Compiler代写:CS1167 Basic Tokenizer

用C++代写一个简易的C语言的Lexical analysis,也就是Compiler的Preprocessing过程中的一环。相比Compilation, Assembly和Linking,已经非常简单了。

In this part of the course project, you will be implementing a basic tokenizer for a subset of C language that can convert a sequence of characters passed to the actual compilation stage of a C compiler (or rather a compiler for our subset of C language) into a sequence of strings each holding a C-language token. Any remaining preprocessing directives in the input should be stripped out. For an overview of the stages of building a C language program, see:
https://calleerlandsson.com/the-four-stages-of-compiling-a-c-program/ for more information on the preprocessor, see:
https://gcc.gnu.org/onlinedocs/cpp/Preprocessor-Output.html
A token, for the purposes of this Course Project and in a syntactically correct program, is defined as the smallest number of consecutive characters that can be surrounded by whitespace without changing the functionality of the code.
Space, tab, linefeed, carriage-return, formfeed, vertical-tab, and newline characters are called “white-space characters” because they serve the same purpose as the spaces between words and lines on a printed page — they make reading easier.

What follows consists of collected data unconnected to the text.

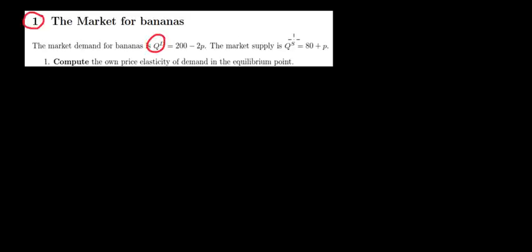Let's have a look at question one in this video. We have a market demand for bananas by this function and then we have also the market supply over here.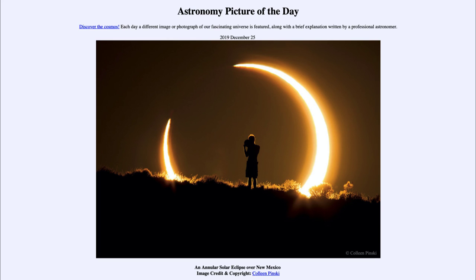That was our picture of the day for December the 25th of 2019, titled An Annular Solar Eclipse Over New Mexico. We'll be back again tomorrow for the next picture, previewed to be Hexagon Sky, so we'll see what that is about tomorrow. Until then, have a great day everyone, and I will see you in class.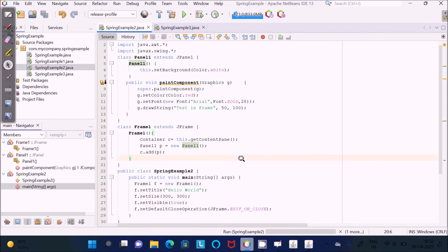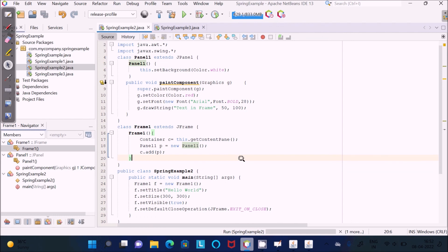This is also the code which I have used with the label and frame using the paintComponent method. I will end this video here. We will see you in the next video with a new topic. Thank you!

Tokens are delimited (bounded) by white-space characters and by other tokens, such as operators and punctuation. https://msdn.microsoft.com/en-us/library/e9a023cx.aspx
The punctuation and special characters in the C character set have various uses, from organizing program text to defining the tasks that the compiler or the compiled program carries out. They do not specify an operation to be performed. Some punctuation symbols are also operators (see Operators). The compiler determines their use from context. https://msdn.microsoft.com/en-us/library/eb1htw0t.aspx.
String literals are a type of token. You will have to research what they and character literals can look like. Hint: here is a link with a useful tool to add and remove escape characters from a string: http://www.freeformatter.com/java-dotnet-escape.html –it should be valid for C-language too.
Our subset of C language will use the following punctuators:

Id Symbol Description
1 ( opening parenthesis
2 ) closing parenthesis
3 : colon
4 ; semicolon
5 * indirection

Here is the list of operators for our subset of C language:

Category Operator Associativity
Prostfix ++ – Left to right
Unary ~ & Right to left
Divisive / % Left to right
Additive + - Left to right
Shift << >> Left to right
Conditional Operator ? Right to left

Assignment|= += -= *= /= %= >>= <<= &= ^=|Right to left|

For example,

sum = 3 + 2;

can be split into the following set of tokens:

sum    =    3    +    2    ;

When the compiler interprets tokens, it includes as many characters as possible in a single token before moving on to the next token. Because of this behavior, the compiler may not interpret tokens as you intended if they are not properly separated by white space. Consider the following expression:

i+++j

In this example, the compiler first makes the longest possible operator (++) from the three plus signs, then processes the remaining plus sign as an addition operator (+). Thus, the expression is interpreted as (i++) + (j), not (i) + (++j). https://msdn.microsoft.com/en-us/library/44kh05a0.aspx
A template including the required function for you to implement has been provided. You may implement any other helper functions, but you are not allowed to remove or change the structure of the function ‘tokenizeCodeStrip’.
Take care with floating point numbers. For example, 1.575E1 is equivalent to 15.75. So, “1.575E1” is one token.
Refer to the BNF text files in the provided template. They contain Backus-Naur Form (BNF) grammars for our project.
Note, when testing your code we may use some tests that are correct according to our C-subset grammar, some tests that include things not present in the grammar (like operators or punctuators not present in the grammar), and some tests that have other sorts of errors (like unterminated strings). When you find something not included in our subset grammar, including unterminated strings, issue a warning, ignore the problematic characters, push an empty string onto the back of the vector of strings to be returned, and then continue on tokenizing the remaining characters.